Mamabolo concedes there’s room for improvement going forward

Mamabolo has conceded that the commission has room for improvement following this year's general elections.

FILE: Chief electoral officer Sy Mamabolo gives an update on the voting process at the national results operation centre in Pretoria. Picture: @GovernmentZA/Twitter

JOHANNESBURG – The Independent Electoral Commission (IEC) Chief Electoral Sy Mamabolo has conceded that the commission has room for improvement following this year's general elections.

For the first time in democratic South Africa, the electoral body has had to battle allegations of attempted voter fraud and was moved to institute an audit in an attempt to dispel fears that some people might have voted twice.

Mamabolo says despite this the elections were fair.

“Nonetheless, and despite these challenges, it is our incontrovertible believe we’ve all come through this election even stronger as an institution. We’ve come through this election even stronger as a people.”

Meanwhile, the IEC officially declared the 2019 general election free and fair, hours after the results were captured from all districts.

The African National Congress (ANC) has retained its majority during the sixth democratic election with 57.5%.

The Democratic Alliance (DA) is the second biggest party with 20.77% and the Economic Freedom Fighters (EFF) come third with 10.79%.

Mamabolo officially announced the results at the operations centre in Tshwane on Saturday evening.

“Despite our differences and challenges, we still unite under a vision of a common destiny for our country as a democratic, free, just and equal society. These elections are without prevarication the most complex, highly-contested and logistical demanding in our history.”

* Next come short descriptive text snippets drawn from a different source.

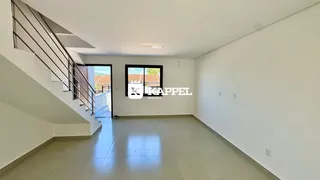 Uma sala ampla com piso de cerâmica e escadaria lateral em um imóvel em Lajeado.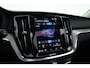 Volvo V60 2.0 T6 Plug-in hybrid AWD Plus Dark | Pano-dak | Head-up | 360 camera | Adap. Cruise | H&K Audio |
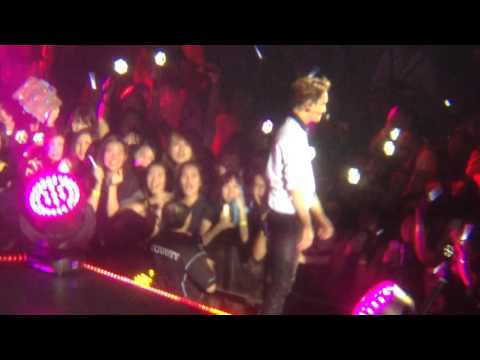 160110 EXOluxion SG - Playboy (sekai focus)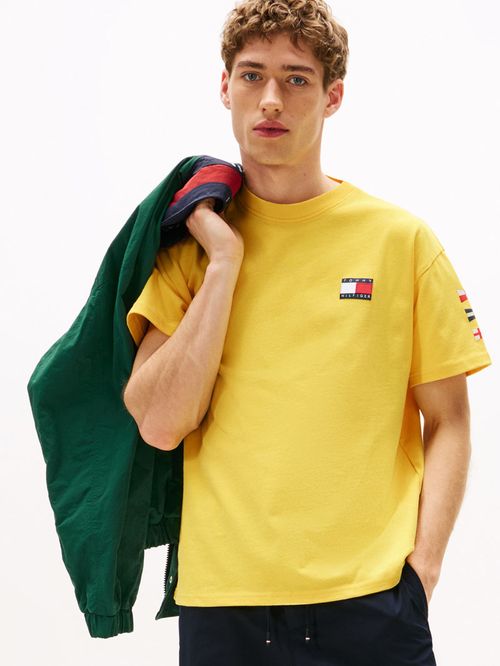 CAMISETA AMPLIA HILFIGER CON LOGO TRASERO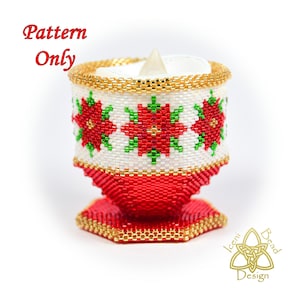 Puede incluir: Un portavelas de cuentas con base roja y diseño floral blanco y rojo. La parte superior e inferior están adornadas con cuentas doradas. Las palabras "Pattern Only" están en texto rojo en la parte superior izquierda.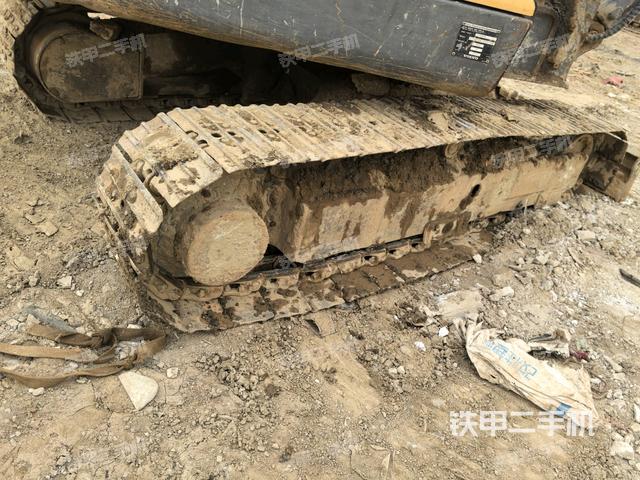 左側(cè)履帶整體?（行走機(jī)構(gòu)）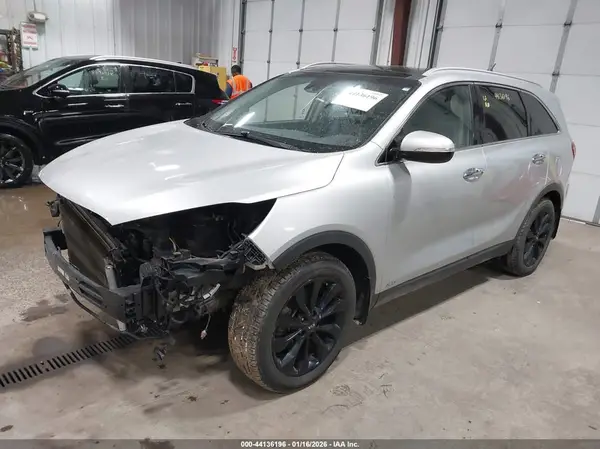 5XYPHDA57LG679272 2020 KIA SORENTO - Image 2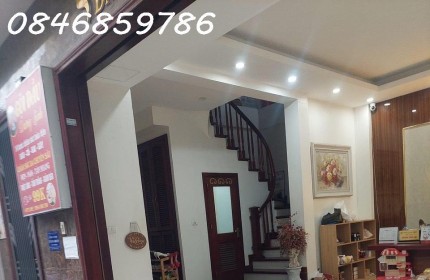 Bán Nhà Mặt Phố Cầu Giấy,KD SẦM UẤT,ÔTÔ TRÁNH, 37.1m2, 5 tầng,mt 6.3m,Giá 8.9tỷ(Thương Lượng)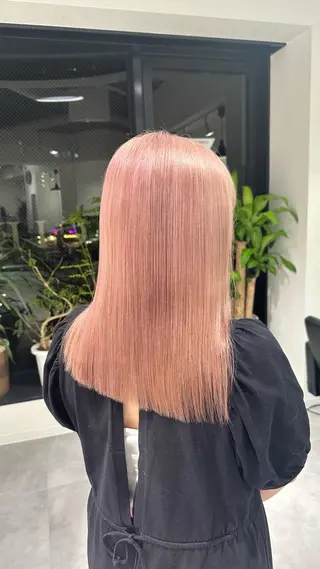 セミロング カラー CIERA.南船場所属・yuna🧡/心斎橋 ハイトーン/ブリーチのヘアスタイル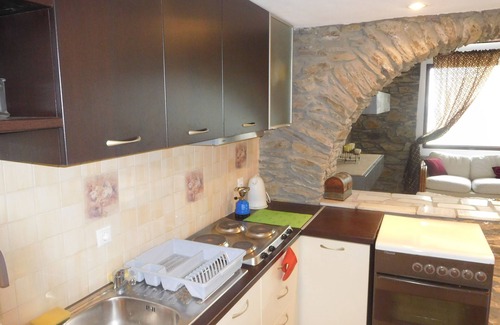 Salamis Villa | Saronic Citadel Villa with pool and Starlink 400Mbps Internet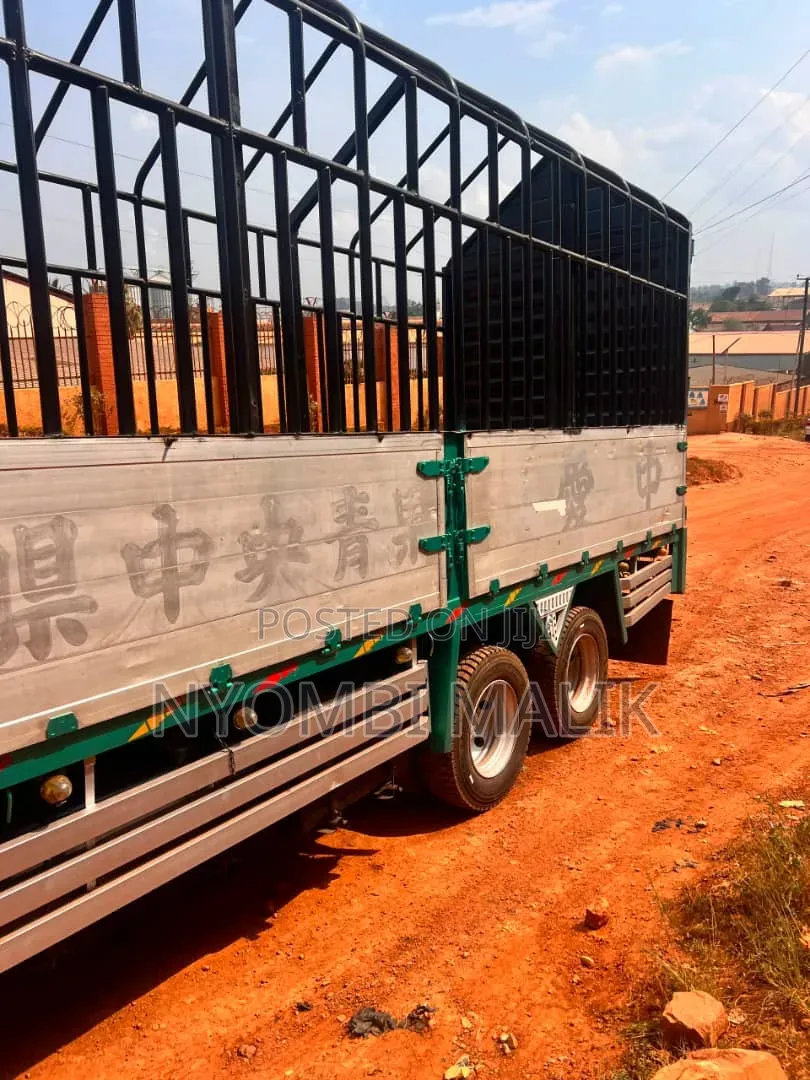 Fuso Truck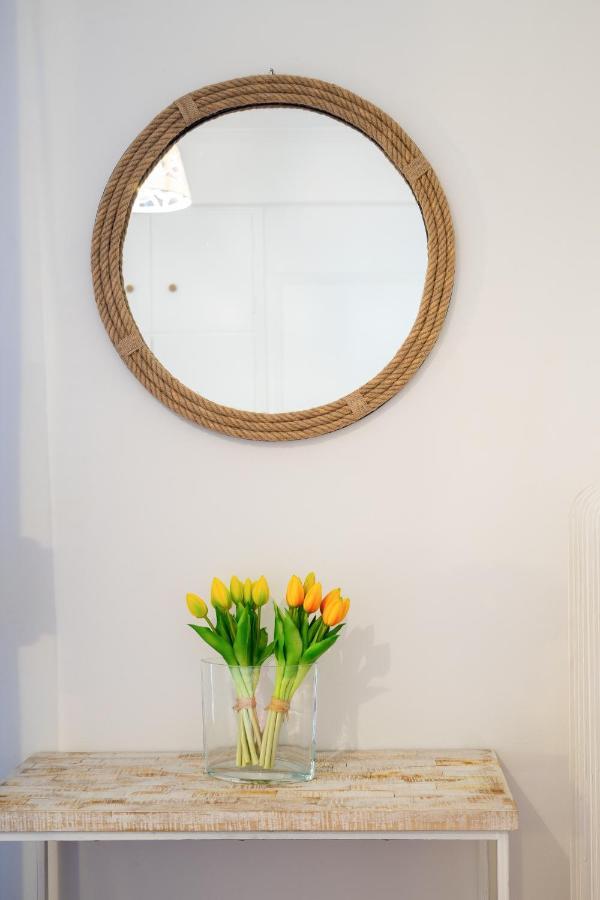 Unique Apartment In Glyfada Center Athens Ngoại thất bức ảnh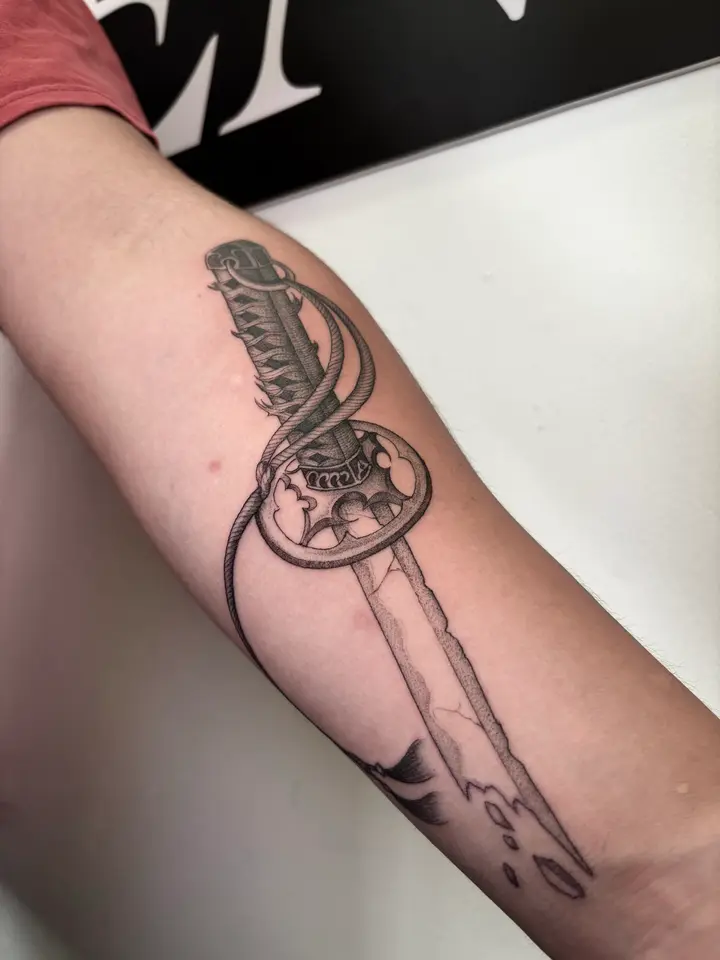 Broken Katana — Blackwork tattoo by Nillattt, photo 1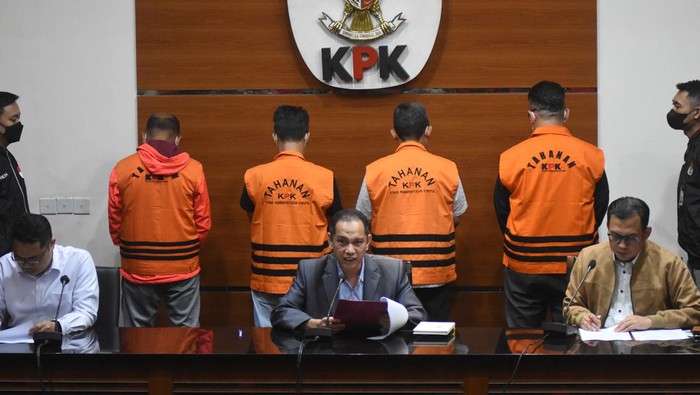 Wali Kota Bandung Yana Mulyana (tengah) berada di dalam mobil tahanan usai ditetapkan sebagai tersangka pasca terjaring OTT di Gedung Merah Putih KPK, Jakarta, Minggu (16/4/2023). KPK menetapkan enam orang tersangka diantaranya Wali Kota Bandung dan pejabat di Dinas Perhubungan Kota Bandung dalam Operasi Tangkap Tangan (OTT) terkait kasus tindak pidana suap pengadaan CCTV dan  jasa penyedia jaringan internet yang merupakan bagian dari program Bandung Smart City. ANTARA FOTO/Indrianto Eko Suwarso/pras.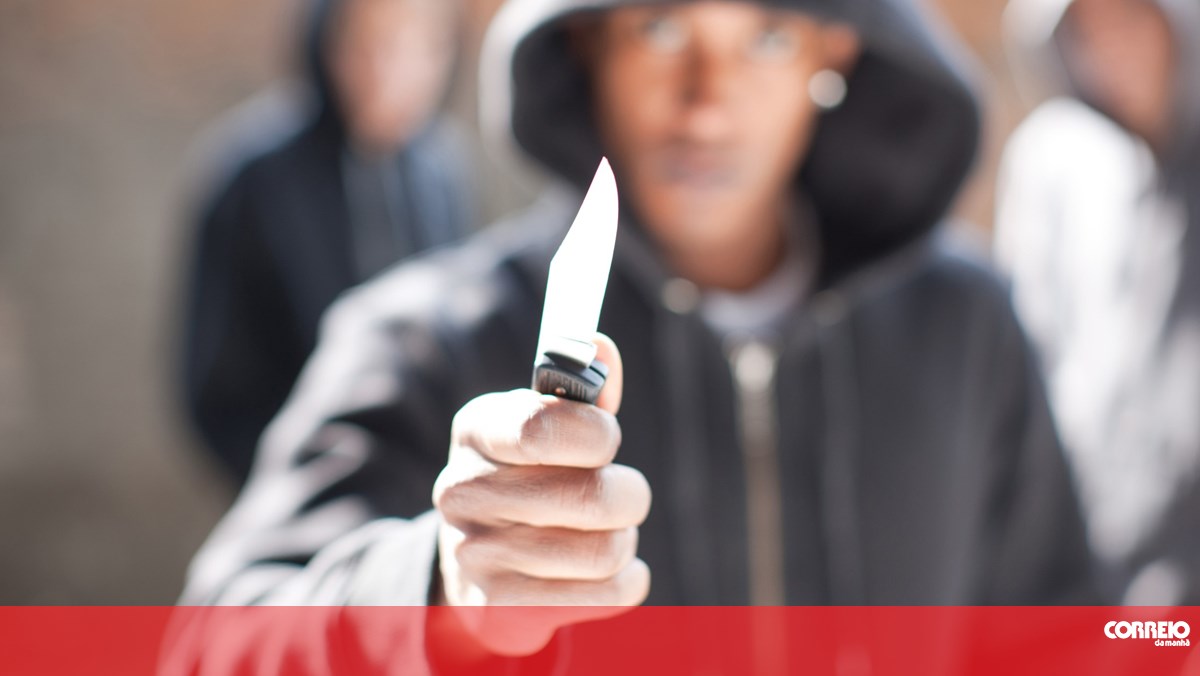 Jovem esfaqueado 11 vezes em guerra por rapariga – Portugal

President Cyril Ramaphosa described the 2019 provincial and national elections as a resounding expression of the will of the people.

Ramaphosa sent condolences to the families of two elderly voters who died at different polling stations on Wednesday.

“We send out sincere condolences to the families and friends of the two voters who passed on Wednesday.”

He thanked the police, home affairs, the elderly and the media - saying it was time for reporters to rest.

Ramaphosa also thanked political parties for their conduct during the election.

“I wish to extend my most sincere gratitude to the leaders and members of various political parties that participated in the elections. In both your conduct and your words, you contributed significantly to the peace and calm which characterised the entire election season.”


The EFF is the biggest winner in these elections, scoring nineteen more seats than during the 2014 elections.

While the ANC remains the governing party and the DA the official opposition. They both now have fewer Members of Parliament in the National Assembly.

The national assembly has 14 political parties represented.

The final seat allocation for the National Assembly, as announced on Saturday night, has seen the EFF secure 44 seats.

Meanwhile, the ANC, which has 249 representatives, now sits at 230.

Following the parties decline in overall support during the sixth democratic elections the same fate befell the DA, which now has 84 members of Parliament as compared to 89 seats in 2014.

The Freedom Front Plus, which has been described as a surprise contender during 2019’s polls, now has 10 seats. It had four in the last elections.

New entrances, including former Cape Town mayor Patricia de Lille’s Good party and Mzwanele Manyi African Transformation Movement both secured two seats.

The Western Cape-based Aljama secured one seat.